State Senator Ray Lesniak (D-20) continued to take public umbrage at the state’s proposed $225 million settlement pertaining to lawsuits which were first brought by the state against Exxon in 2004 for natural resource damages at Linden, Bayonne and other New Jersey oil refineries and sites. The settlement number is far short of the original target goal of $8.9 billion in environmental damages.
“The consent judgment between the New Jersey Department of Environmental Protection (DEP) and the Exxon Mobil corporation is not fair, reasonable or adequate based on the evidence at the trial,” said Lesniak, who grew up in the Bayway section of Elizabeth, one of the areas most profoundly affected by pollution allegedly created by Exxon Mobil practices. “The lack of an adequate assessment of damages at the facilities which were not litigated, but released from natural resource damage liability, and the misleading, deceptive and untruthful statements made by state representatives call into the question the settlement negotiations between the parties.”
Lesniak, a potential Democratic gubernatorial candidate in 2017, noted during his testimony before the committee that he plans to file more than 22,000 signatures from New Jersey residents who signed a petition calling for the rejection of the proposed settlement.
“When you look at the scope and level of this deal, you get to see the magnitude of the sellout that it really is,” added Jeff Tittel, director of the New Jersey chapter of the Sierra Club, a national environmental advocacy organization. “If [Gov.
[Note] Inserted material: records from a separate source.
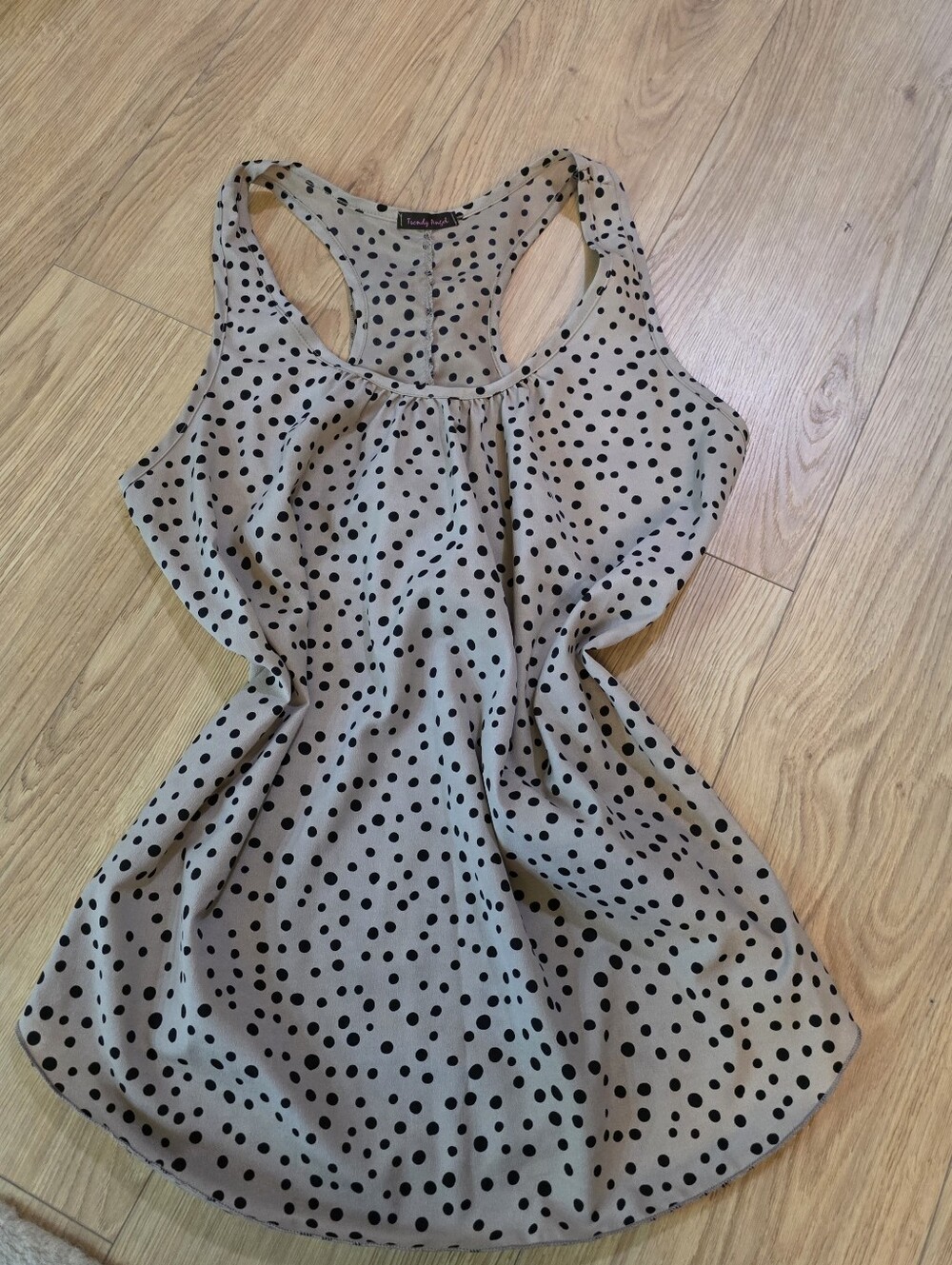 Trendy Angel Women's Polka Dot Ruffle Sleeveless Top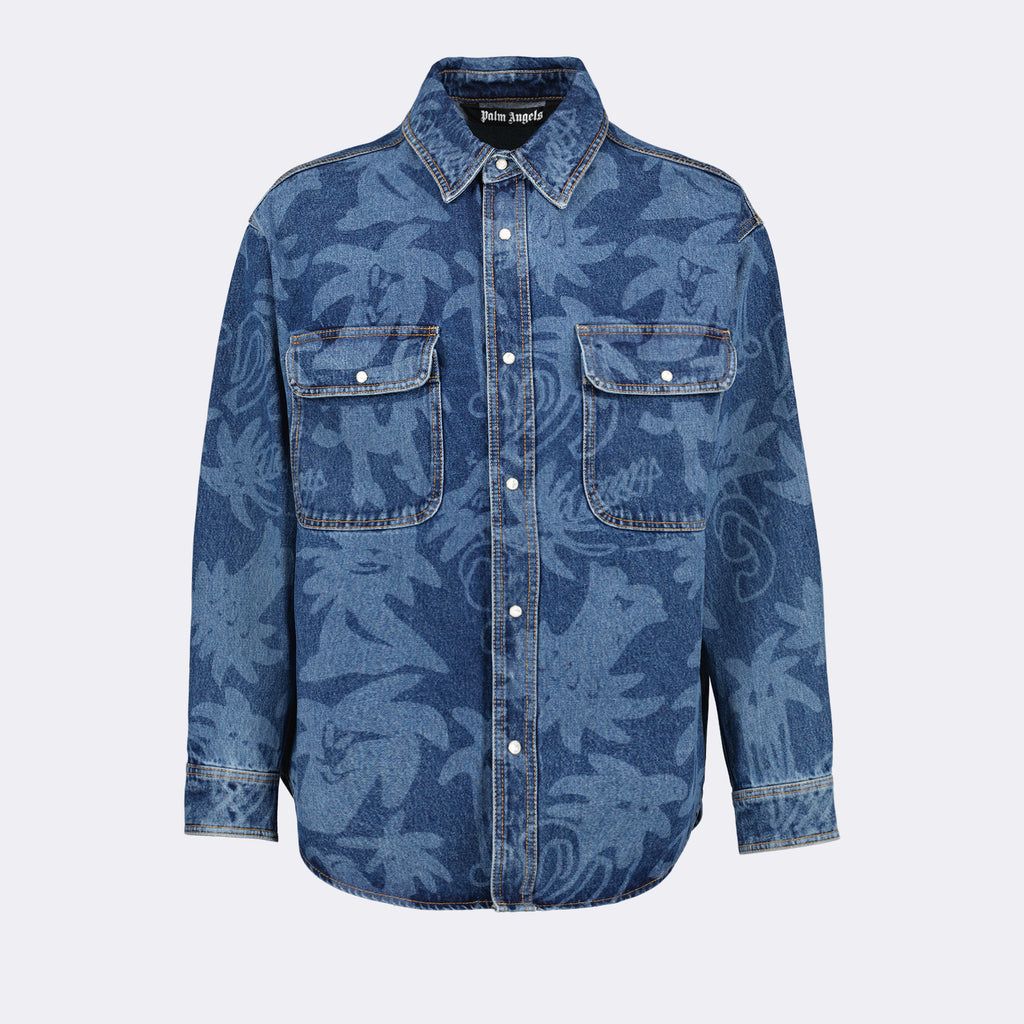 Shirts Palmity Denim Shirt Palm Angels Blue Man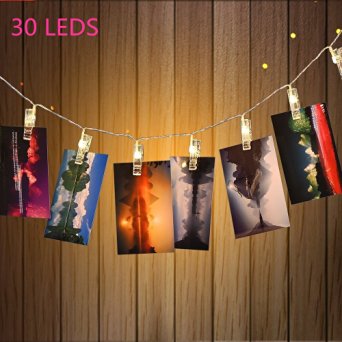 LED Photo Clips String Lights, Christmas Lights, Starry light, USB Powered, 12 Ft, 30 LED Clips Lights, Warm white - for Hanging Photos Paintings Pictures Card and Memos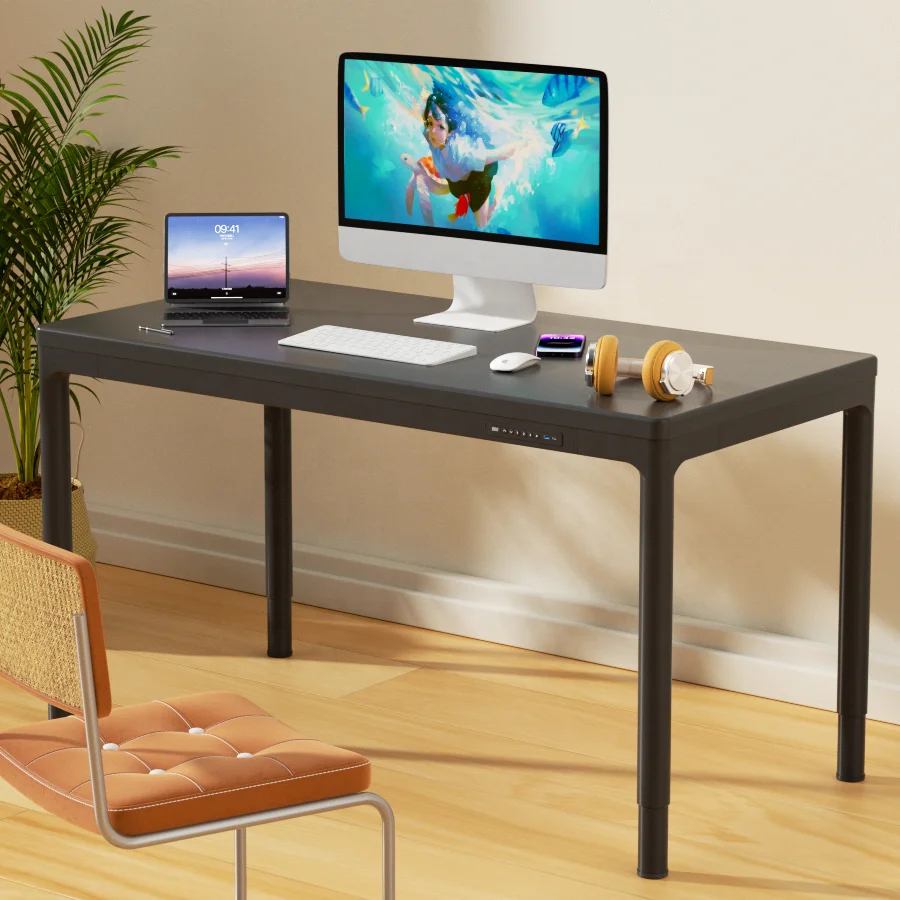 V-mounts electric quad-motor sit to stand executive desk dinner table with fast charging ports VM-JSD8-03-D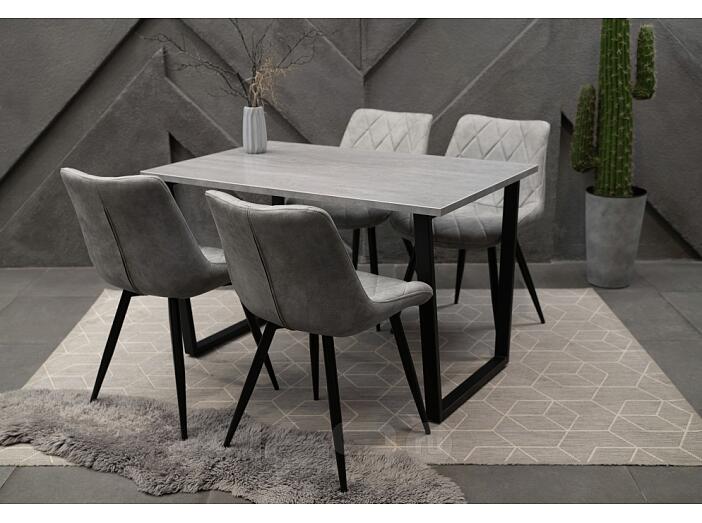 Стол Лота Лофт 120х74х75 бетон/черный матовый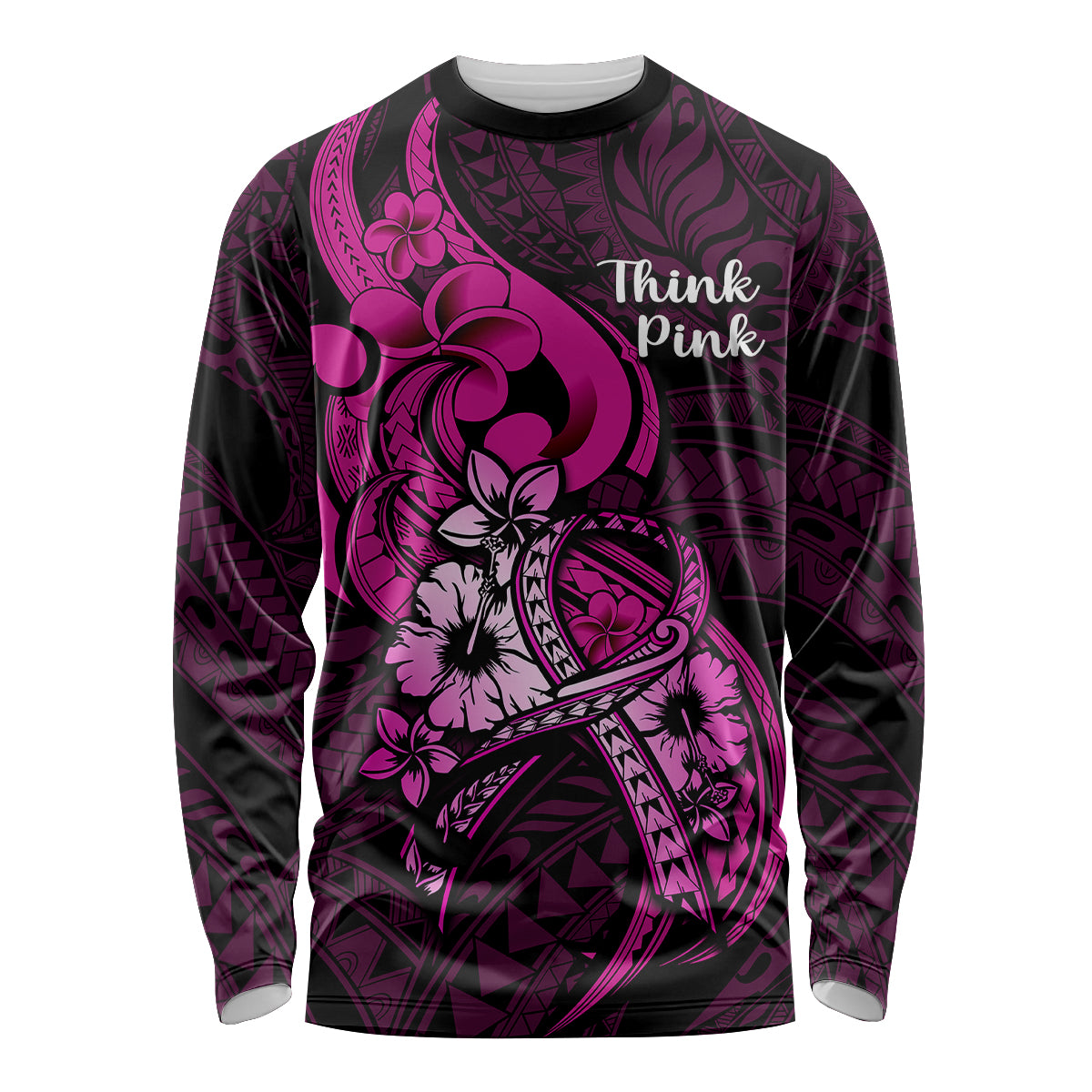 Personalised Polynesia Breast Cancer Awareness Long Sleeve Shirt Think Pink Polynesian Ribbon Black Version LT14 Unisex Pink - Polynesian Pride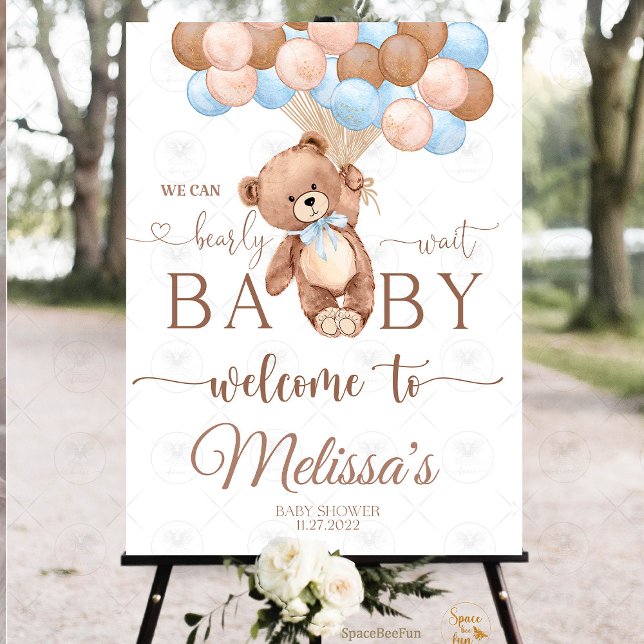 Teddy Bear Baby Shower Welcome sign Foam Board (Teddy bear baby shower welcome sign, baby shower foam board sign, teddy bear-themed baby shower, bab)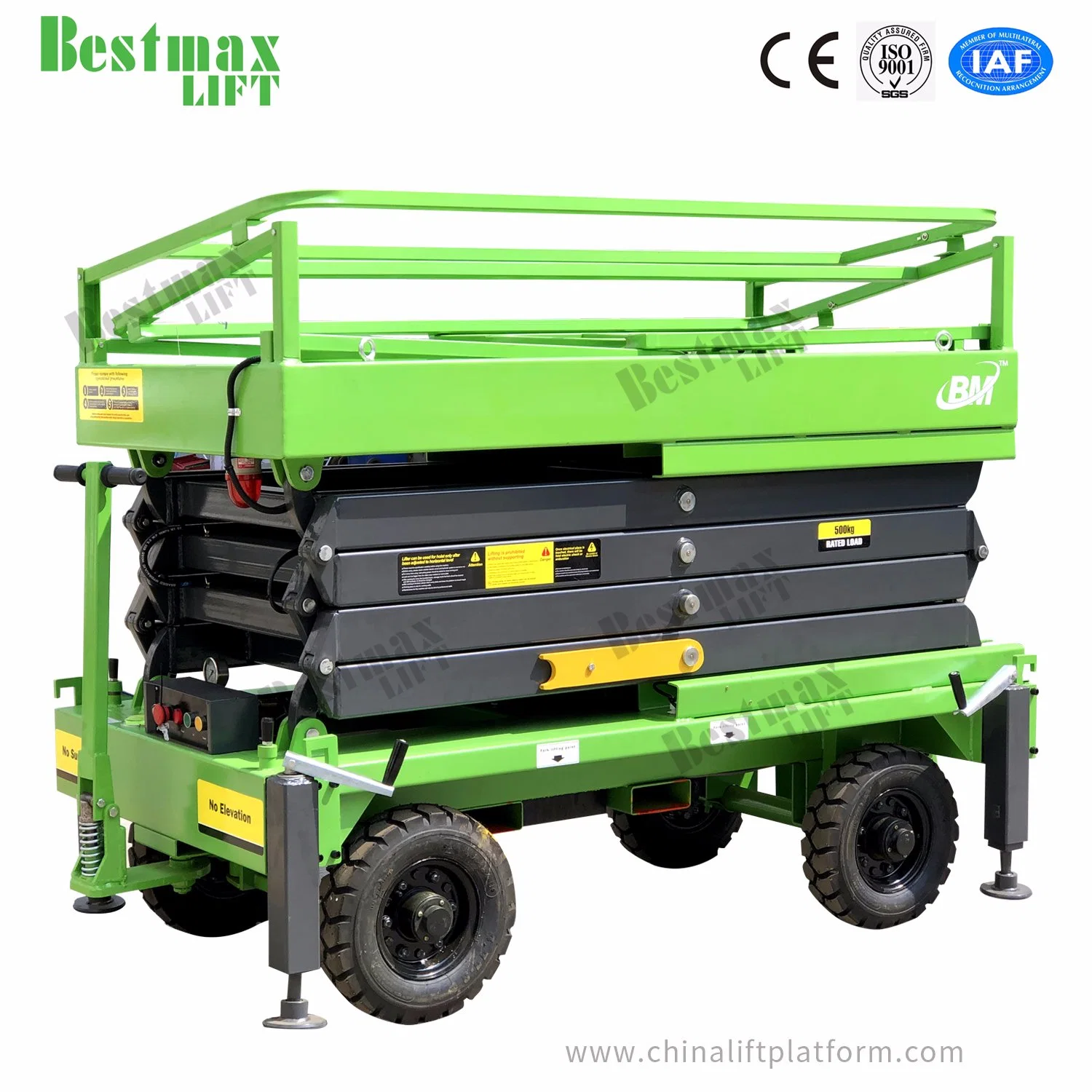 7.5m Platform Height 500kg Load Capacity Push Around Lifting Equipment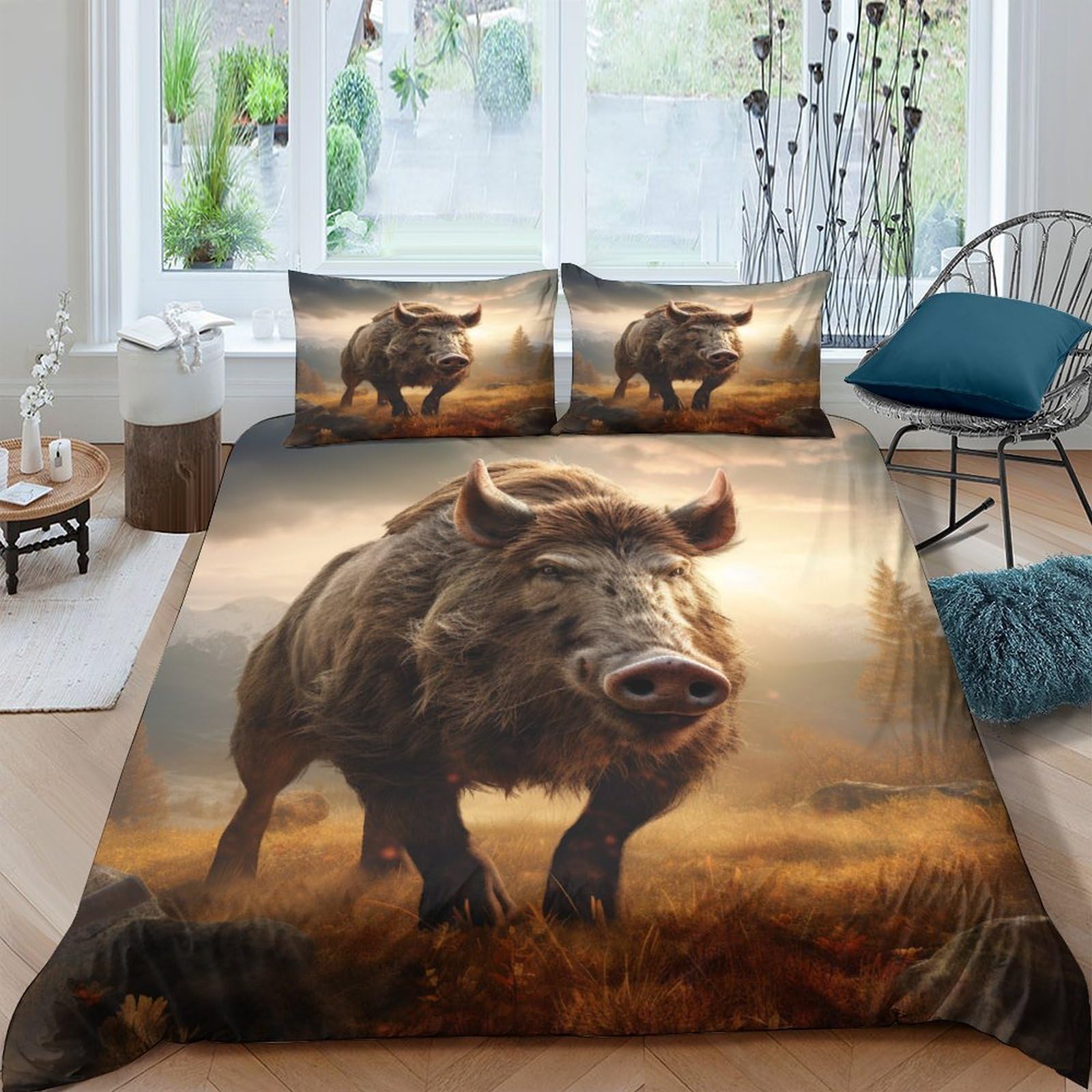 Ctjqhvkz Style-6 3D Printed Wild Boar Fitted Sheet Microfiber Soft Animal Forest Scene Bed Cover For Bedroom Guest Room Decor Single（135X200cm）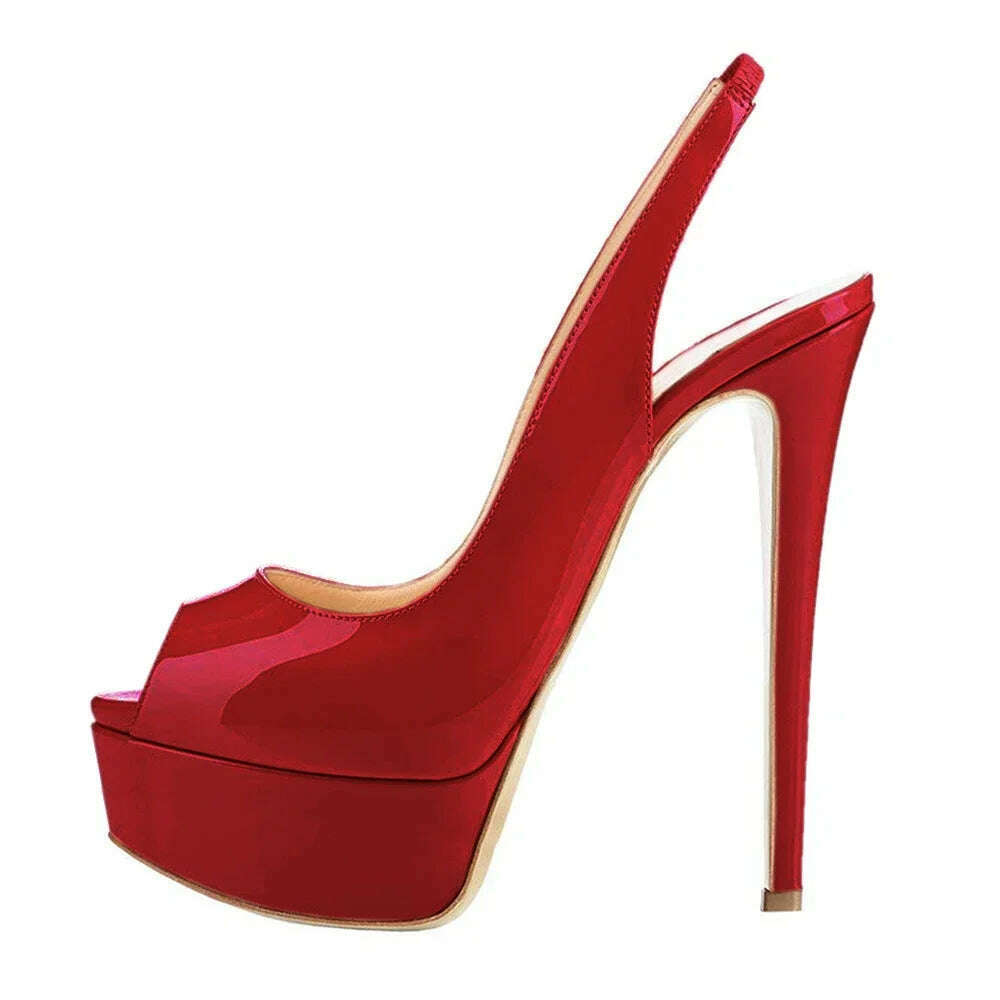 New Women Sandals 14CM Super High Heels Sexy Open Toe Platform Sandals Gladiator Party Dress Red Wedding Shoes Plus Size - KIMLUD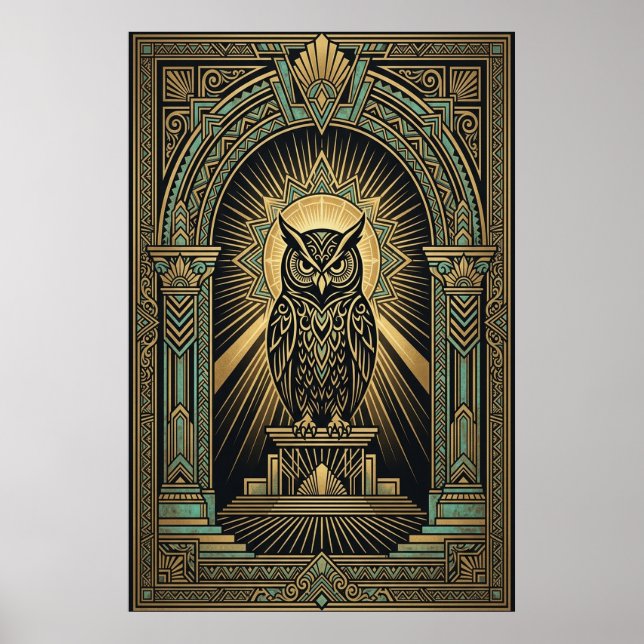 Art Deco-ugglans visdomsaffisch | Guld & turkos ge Poster (Framsidan)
Chris Christie] was Pinocchio, and with what this administration is saying, his nose would be in San Diego heading somewhere toward Hawaii right now.”
Christie has defended the agreement as a “good settlement,” pointing out the lack of a cap on the cleanup payment amount, as well as that the proposed $225 million settlement is the largest natural resource damages payment by a single corporate defendant in New Jersey history.
State Superior Court Judge Michael Hogan will consider whether to approve the settlement after the 60-day public comment period closes on Friday. There is no definitive timeline for a judgment. State Assembly Judiciary Committee Chairman John McKeon (D-27) indicated that it could take up to 90 days.
Various Bayonne residents who testified at the committee hearing rendered their own judgments about the proposed settlement.
“I’m here today because Exxon has provided me and my family a roof over our heads, put clothes on my back and food for our growth,” said Evelyn Sabol, 79, of Bayonne, the child of Slovak immigrants whose father worked for the company. “When I read that Exxon was going to be fined $9 billion, I considered it a shakedown.”
But Michael Ruscigno, a longtime Bayonne resident who is active in the Bayonne Nature Club, thinks that the judge should shake up the corporation that he believes deleteriously shook up the environmental balance of Bayonne.
“Exxon should not be given the right to walk away,” Ruscigno said to applause from the crowd of about 25 people present. “This deal stinks as bad as the bank vaults in Hell where Exxon Mobil keeps their money. You must say no to this deal, and yes to the people of Bayonne and yes to the people of New Jersey.”